# The problem
Keep the images out while you retype all of the data exactly.

# Material shown
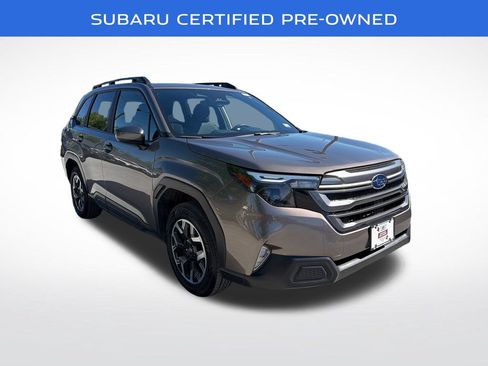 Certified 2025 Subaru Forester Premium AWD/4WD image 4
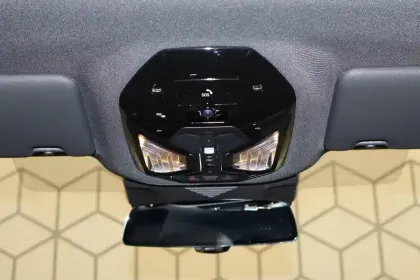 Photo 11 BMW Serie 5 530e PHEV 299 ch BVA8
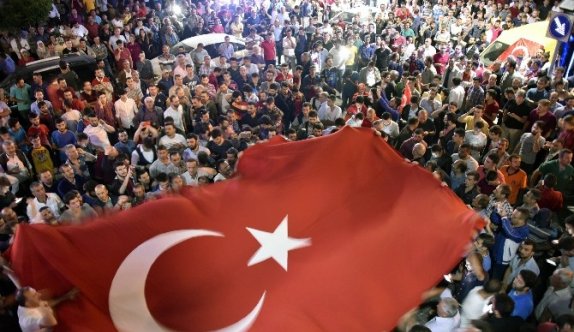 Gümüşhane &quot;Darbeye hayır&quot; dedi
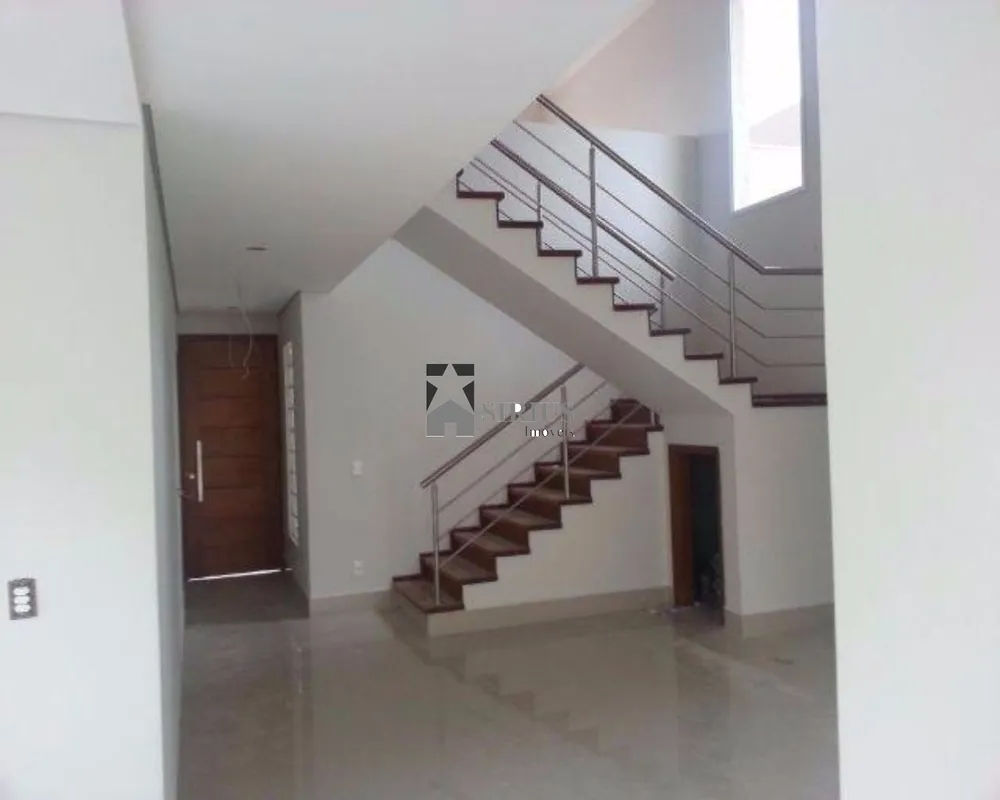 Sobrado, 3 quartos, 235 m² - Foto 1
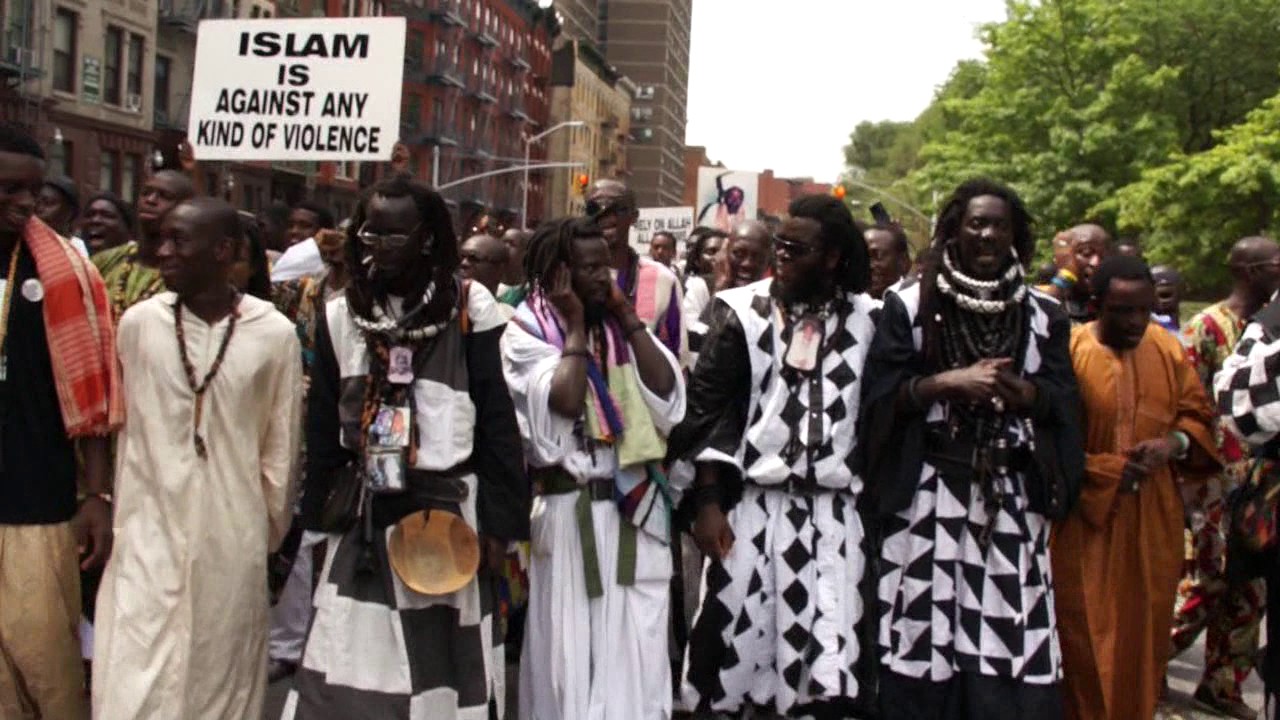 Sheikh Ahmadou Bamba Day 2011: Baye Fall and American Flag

# Solution for this problem
 Certified 2025 Subaru Forester Premium AWD/4WD image 4
 Photo 11 BMW Serie 5 530e PHEV 299 ch BVA8
 Gümüşhane &quot;Darbeye hayır&quot; dedi
 Sobrado, 3 quartos, 235 m² - Foto 1
 Sheikh Ahmadou Bamba Day 2011: Baye Fall and American Flag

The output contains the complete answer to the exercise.